Полиция сперва не поверила. Только когда он засмеялся, несмотря на боль, засмеялся, обнажив тем самым просвет между верхними резцами, равно как и явную прогению, только тогда они стали чуть ли не радушными: «Давно пора, старина».
Не хочу долго распространяться о научных заслугах так называемого брачного афериста-убийцы (он передал полиции созданную им за двенадцать лет рукопись весьма солидного объема: «Ранний Сенека как воспитатель будущего императора Нерона. Философские заметки беглого преступника»).
Хочу огласить его мольбу о помощи, зафиксированную в протоколе: «Находясь под следствием, прошу, чтобы меня показали тюремному дантисту. Считаю уместным любое вмешательство, и в случае, если окажется необходимым, удаление причиняющих мне боль зубов. Если же вмешательство будет отложено, покорнейше прошу прописать арантил, ибо арантил не выдают без рецепта врача…»
Благодаря арантилу — двадцать драже за две марки тридцать — я писал, не испытывая боли, окрыленный побочным действием этого лекарства: Забыты поражения! Теперь мы пораскинем мозгами и начнем побеждать.

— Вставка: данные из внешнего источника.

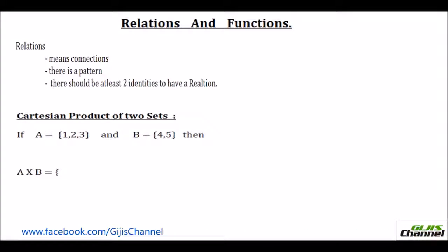Hello, this is Vassvith from At Home Tuition. In this lesson, Relations and Functions, first let us learn about relations. What do you mean by relation? It is something, some connections between the elements. Relation means connection and there will be some pattern. When you look at the way it has been paired up, you will find a pattern in it.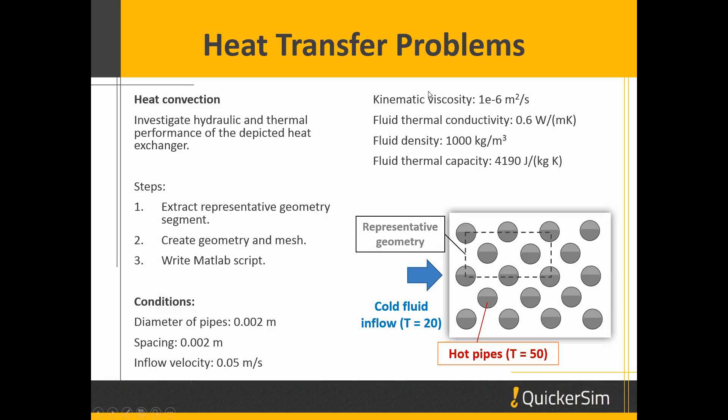The fluid properties are given here, so we basically deal with water of kinematic viscosity 1e-6 m²/s, thermal conductivity given here, density 1000 kg/m³, and thermal capacity.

Незадолго до того времени, когда я обычно распивал пиво, я снова стал причитать: Ох уж это воскресенье… Эти обои… — и предавался воспоминаниям о всяких старых историях, о неизменном шепоте на андернахском променаде. Но тут две таблетки помогли мне переключиться с бесплодного воскресного самокопанья на частный случай с одной моей коллегой. (Как мы уличаем сами себя… Как все ударяет рикошетом…) Ведь если бы Ирмгард Зайферт не нашла этих писем, она была бы счастливей и, пожалуй, ничего не знала бы о себе; но она их нашла и теперь все знала…
Визит с субботы на воскресенье к ее матери в Ганновер, необходимость хвалить их любимое семейное блюдо — говяжье жаркое с картофельными клецками — и без конца выслушивать уговоры: «Возьми еще кусочек, Ирмгард. Раньше, детка, ты всегда уплетала за обе щеки…» А потом мать решила вздремнуть после обеда (казалось, она на часок вообще ушла из жизни), и вдруг она осталась одна среди старой мебели и обоев, которые, собственно, должны были бы вызывать у нее умиление, и этот преследовавший ее повсюду, никогда не выветривавшийся запах мастики для полов, и внезапное сердитое чириканье целого выводка воробьев в палисаднике; еще во время обеда, когда сладковато-приторный вкус грушевого варенья на языке уже стал ослабевать, ее матушка обронила несколько слов насчет школьных табелей дочери, фотографий класса, тетрадей для сочинений и писем — в сущности, старого хлама, связанного в пачки и мирно покоившегося на дне сундука в чердачном помещении, — все эти случайности, сложенные воедино, и побудили Ирмгард Зайферт, которая так же, как и я, преподает немецкий и историю (и еще дополнительно ведет уроки музыки), подняться на чердак их одноквартирного домика, надеть в предвидении пыли фартук матери и открыть большой, даже не запертый сундук.
На моем листке бумаги стали в ряд отдельные фразы: косой солнечный луч, падавший через чердачное оконце. Заржавевшие полозья ее детских санок. Семейные дела — покойный отец Зайферт был начальником отдела доставки в фирме Гюнтера Вагнера. (По сию пору она покупает карандаши со скидкой.) Аквариум Ирмгард: барбусы, вуалехвосты и гуппи, пожирающие свое потомство.